Sólo un cínico de su calaña puede dar la cara como la dio ayer en el “horror show” televisivo que montó en el Congreso de los Diputados, en donde el oficialismo –integrado por twiteros profesionales y algunos execrables personalidades de la anti-política nacional-  aplaudió y vitoreó, intercalando de tanto en tanto el grito de batalla que tanto los satisface: “¡Viva la libertad, carajo!”.

Cómo no gritar de asco ante semejante espectáculo que ayer padecimos quienes sí creemos –al igual que el Papa Francisco- en la justicia social, en la presencia del Estado, en los valores de la democracia. Cómo no gritar de asco ante una ultraderecha que celebra que la clase trabajadora (la que sobreviva a este experimento macabro) pierda de un plumazo los derechos que tanta lucha le han costado. “Le hicieron creer a un empleado medio que con su salario podían comprarse un teléfono celular o irse de vacaciones”, decía hace un par de años atrás el economista de derechas Javier Gonzales Fraga que seguramente ayer fue uno más de los aplaudidores seriales del genocidio social y programado que desde el 10 de diciembre pasado se está llevando a cabo en el país.

Milei acaba de entrar en el libro negro de la historia del país al ponerse de enemigo a todo aquel que no entra en la categoría de “gente de bien”; es decir, a la gran mayoría de los argentinos

“¡Qué asco! Me la pasé puteando frente al televisor”, me decía ayer un colega de un medio gráfico de Buenos Aires en referencia al discurso que, obligadamente, muchos de nosotros tuvimos que soportar durante la noche del viernes. Y cómo no putear ante lo que a todas luces es el atropello más descarado que la historia de la democracia registre en sus anales. Cómo no sacar hacia afuera el dolor y la bronca que produce ser testigos de un insulto tan grande, de una afrenta hacia quienes se dejaron la vida en pos de recuperar los valores que hoy nos arrebata este personaje circense que se ha autoproclamado monarca. 

Si somos capaces de putear al árbitro cuando cobra injustamente un penal en contra de nuestro equipo, cómo no putear contra quien está arrebatándole el pan de cada día a los más frágiles, a los vulnerables, a esas madres que ya no pueden comprar la leche para sus hijos, que ven –con impotencia- cómo el hambre se ceba en su contra y tienen que soportar que se les diga que esa miseria inducida es “por su bien”, que si espera unos cuarenta y cinco años va a estar bien porque su país se va a parecer a Irlanda o a Estados Unidos. Cómo no gritar el desprecio que nos produce un tipejo mal parido que ha hecho del poder su arma para vengar su propia impotencia, su herida, su vacío. Un cobarde capaz de burlarse de los niños discapacitados y negarles su derecho a la asistencia y a los medicamentos, cómo no putear e indignarse frente a este siniestro personaje que pretende silenciar las disidencias a fuerza de palos y gases, que se impone gobernar desde un totalitarismo rayano al fascismo que supieron imponer en otras latitudes esos monstruos de quienes Milei es confeso admirador.

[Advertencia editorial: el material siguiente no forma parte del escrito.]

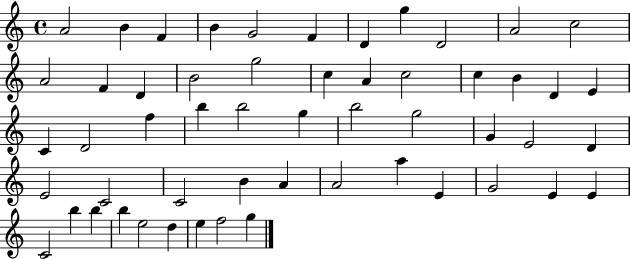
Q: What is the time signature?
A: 4/4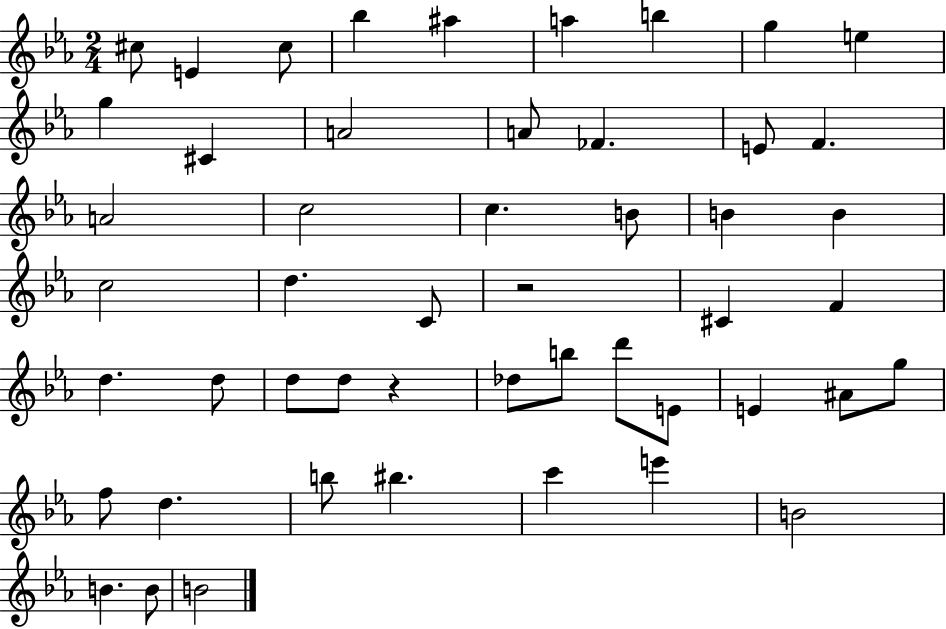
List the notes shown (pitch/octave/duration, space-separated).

C#5/e E4/q C#5/e Bb5/q A#5/q A5/q B5/q G5/q E5/q G5/q C#4/q A4/h A4/e FES4/q. E4/e F4/q. A4/h C5/h C5/q. B4/e B4/q B4/q C5/h D5/q. C4/e R/h C#4/q F4/q D5/q. D5/e D5/e D5/e R/q Db5/e B5/e D6/e E4/e E4/q A#4/e G5/e F5/e D5/q. B5/e BIS5/q. C6/q E6/q B4/h B4/q. B4/e B4/h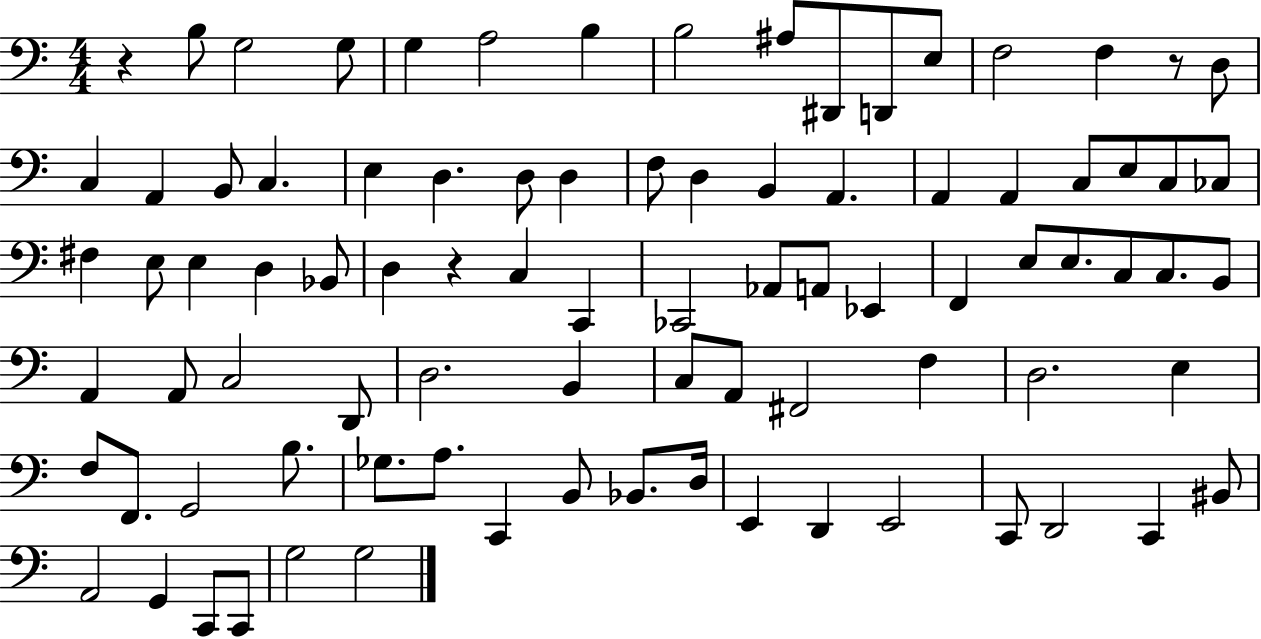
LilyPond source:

{
  \clef bass
  \numericTimeSignature
  \time 4/4
  \key c \major
  r4 b8 g2 g8 | g4 a2 b4 | b2 ais8 dis,8 d,8 e8 | f2 f4 r8 d8 | \break c4 a,4 b,8 c4. | e4 d4. d8 d4 | f8 d4 b,4 a,4. | a,4 a,4 c8 e8 c8 ces8 | \break fis4 e8 e4 d4 bes,8 | d4 r4 c4 c,4 | ces,2 aes,8 a,8 ees,4 | f,4 e8 e8. c8 c8. b,8 | \break a,4 a,8 c2 d,8 | d2. b,4 | c8 a,8 fis,2 f4 | d2. e4 | \break f8 f,8. g,2 b8. | ges8. a8. c,4 b,8 bes,8. d16 | e,4 d,4 e,2 | c,8 d,2 c,4 bis,8 | \break a,2 g,4 c,8 c,8 | g2 g2 | \bar "|."
}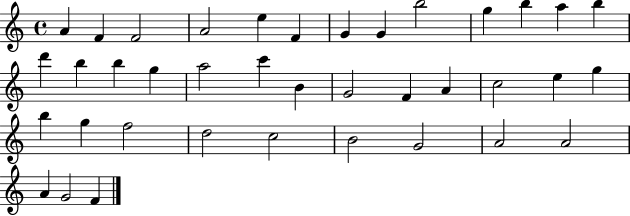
A4/q F4/q F4/h A4/h E5/q F4/q G4/q G4/q B5/h G5/q B5/q A5/q B5/q D6/q B5/q B5/q G5/q A5/h C6/q B4/q G4/h F4/q A4/q C5/h E5/q G5/q B5/q G5/q F5/h D5/h C5/h B4/h G4/h A4/h A4/h A4/q G4/h F4/q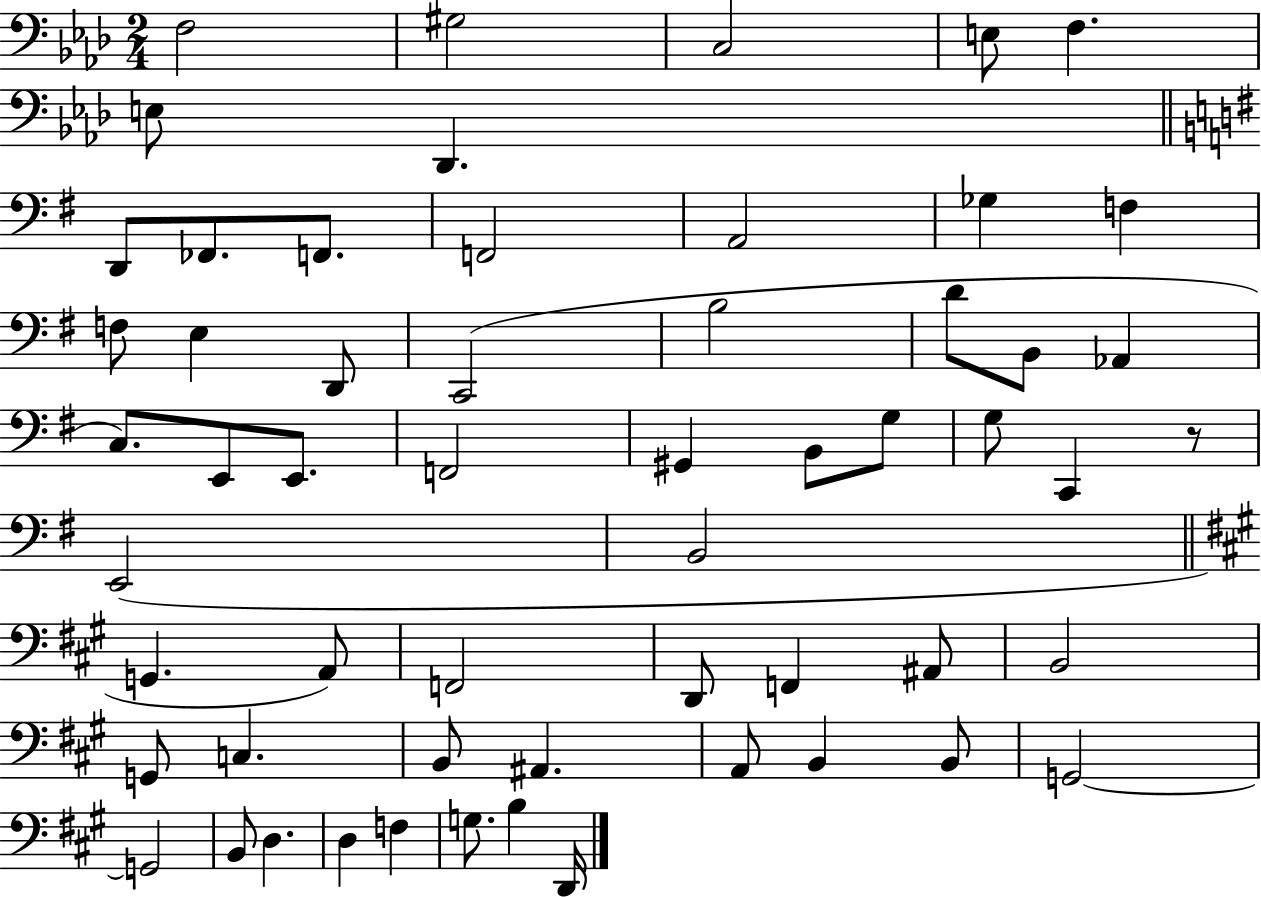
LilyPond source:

{
  \clef bass
  \numericTimeSignature
  \time 2/4
  \key aes \major
  \repeat volta 2 { f2 | gis2 | c2 | e8 f4. | \break e8 des,4. | \bar "||" \break \key g \major d,8 fes,8. f,8. | f,2 | a,2 | ges4 f4 | \break f8 e4 d,8 | c,2( | b2 | d'8 b,8 aes,4 | \break c8.) e,8 e,8. | f,2 | gis,4 b,8 g8 | g8 c,4 r8 | \break e,2( | b,2 | \bar "||" \break \key a \major g,4. a,8) | f,2 | d,8 f,4 ais,8 | b,2 | \break g,8 c4. | b,8 ais,4. | a,8 b,4 b,8 | g,2~~ | \break g,2 | b,8 d4. | d4 f4 | g8. b4 d,16 | \break } \bar "|."
}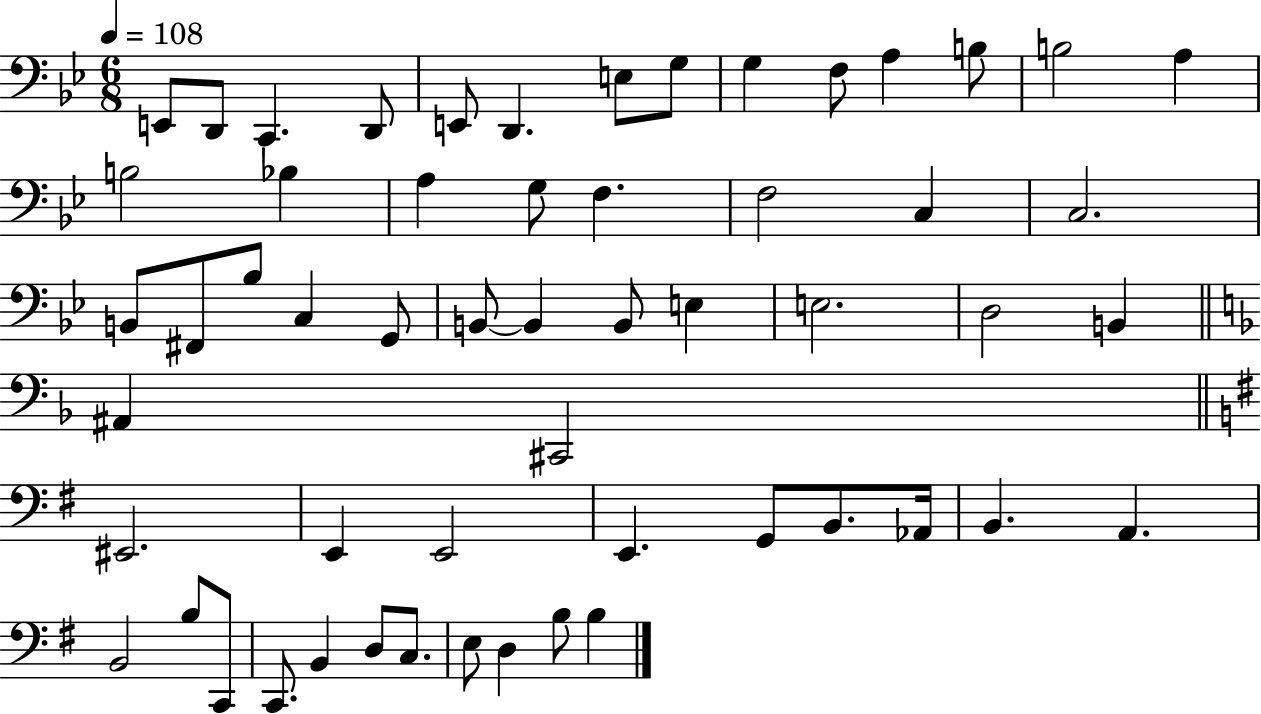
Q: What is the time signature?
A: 6/8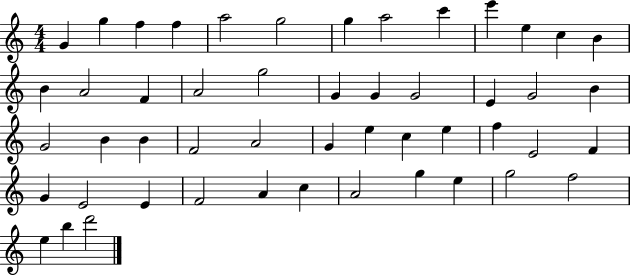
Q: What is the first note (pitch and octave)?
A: G4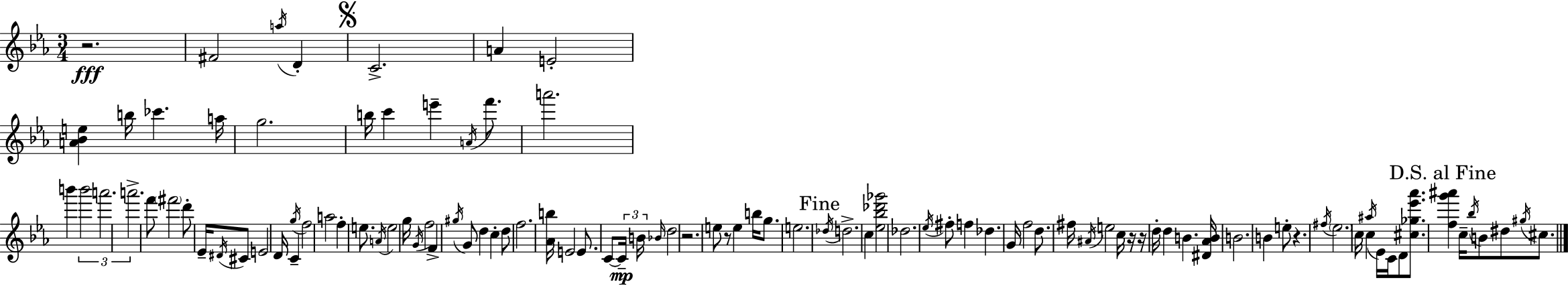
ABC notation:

X:1
T:Untitled
M:3/4
L:1/4
K:Cm
z2 ^F2 a/4 D C2 A E2 [A_Be] b/4 _c' a/4 g2 b/4 c' e' A/4 f'/2 a'2 b' b'2 a'2 a'2 f'/2 ^f'2 d'/2 _E/4 ^D/4 ^C/2 E2 D/4 C g/4 f2 a2 f e/2 A/4 e2 g/4 G/4 f2 F ^g/4 G/2 d c d/2 f2 [_Ab]/4 E2 E/2 C/2 C/4 B/4 _B/4 d2 z2 e/2 z/2 e b/4 g/2 e2 _d/4 d2 c [_e_b_d'_g']2 _d2 _e/4 ^f/2 f _d G/4 f2 d/2 ^f/4 ^A/4 e2 c/4 z/4 z/4 d/4 d B [^D_AB]/4 B2 B e/2 z ^f/4 _e2 c/4 c ^a/4 _E/4 C/4 D/2 [^c_g_e'_a']/2 [fg'^a'] c/4 _b/4 B/2 ^d/2 ^g/4 ^c/2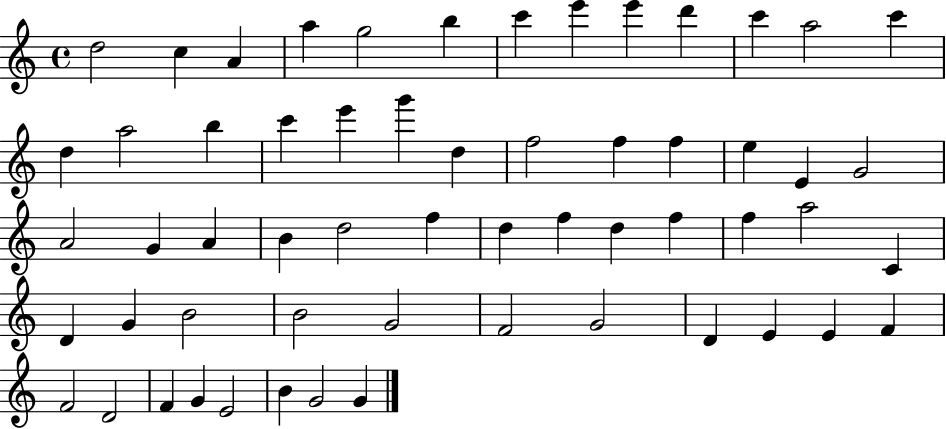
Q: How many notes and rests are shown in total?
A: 58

Esto no es un penal mal cobrado. Es una infamia que legitima los sentimientos más bajos de la especie humana. “Los pobres tienen el derecho de morirse”, llegó a decir en su desquicio este pseudo-humano que hoy gobierna la Argentina. Aquí lo que está en juego es algo mucho más importante que un partido de fútbol. Putear hasta que nos arda la garganta es la catarsis que alivia la repulsión que provoca ser testigos de una catástrofe social programada, premeditada, fríamente calculada por una derecha que, desde adentro, pretende  destruir una democracia que siempre le ha sido incómoda, que representa un obstáculo para sus mezquinos intereses. Esa democracia que  ha caído en manos de un resentido clasista que, en su desorden mental, no desconoce lo que puede hacer mientras ostente el poder. 

Putear hasta que arda la garganta. Porque lo que está en juego esta vez en la Argentina no es la final de un partido de fútbol, sino el comienzo de la etapa más negra de la historia de eso a lo que llamamos Democracia y que tanta sangre costó restituir.